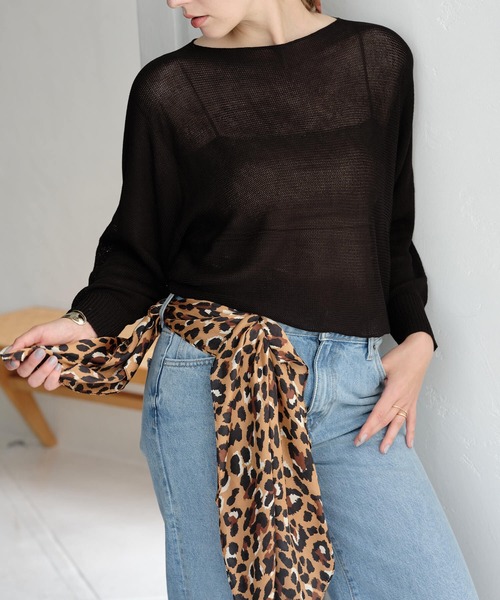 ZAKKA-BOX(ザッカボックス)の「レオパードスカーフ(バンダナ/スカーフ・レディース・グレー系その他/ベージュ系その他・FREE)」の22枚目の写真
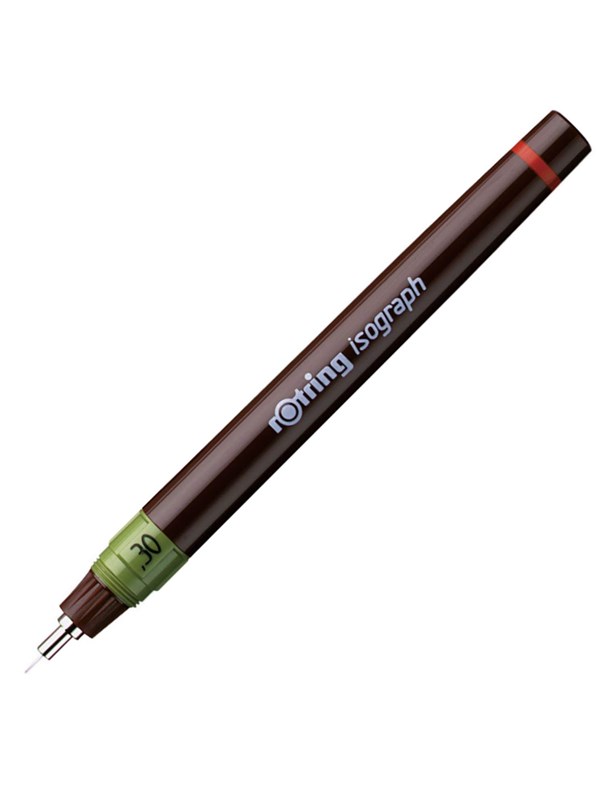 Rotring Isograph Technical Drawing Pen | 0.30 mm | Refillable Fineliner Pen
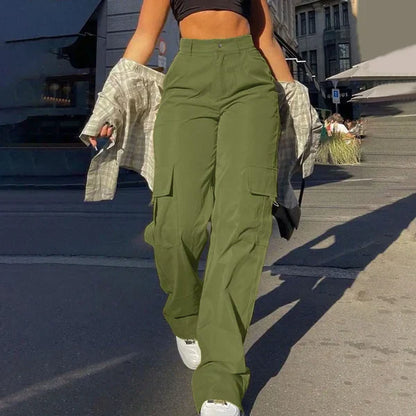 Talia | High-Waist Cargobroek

---

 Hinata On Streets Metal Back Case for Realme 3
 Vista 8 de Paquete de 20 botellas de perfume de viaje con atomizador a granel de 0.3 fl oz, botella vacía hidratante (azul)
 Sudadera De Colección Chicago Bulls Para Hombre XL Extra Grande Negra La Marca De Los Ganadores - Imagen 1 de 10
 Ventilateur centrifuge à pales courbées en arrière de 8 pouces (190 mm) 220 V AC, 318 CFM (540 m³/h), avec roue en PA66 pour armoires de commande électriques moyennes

● Problem details: Look above for the line with "ZAKKA-BOX(ザッカボ" and the line with "Talia | High-Waist Cargobroek", then copy them and all lines in between exactly as written, and only those, without any pictures.

● Expected answer:
 ZAKKA-BOX(ザッカボックス)の「レオパードスカーフ(バンダナ/スカーフ・レディース・グレー系その他/ベージュ系その他・FREE)」の22枚目の写真
 Rotring Isograph Technical Drawing Pen | 0.30 mm | Refillable Fineliner Pen
 Talia | High-Waist Cargobroek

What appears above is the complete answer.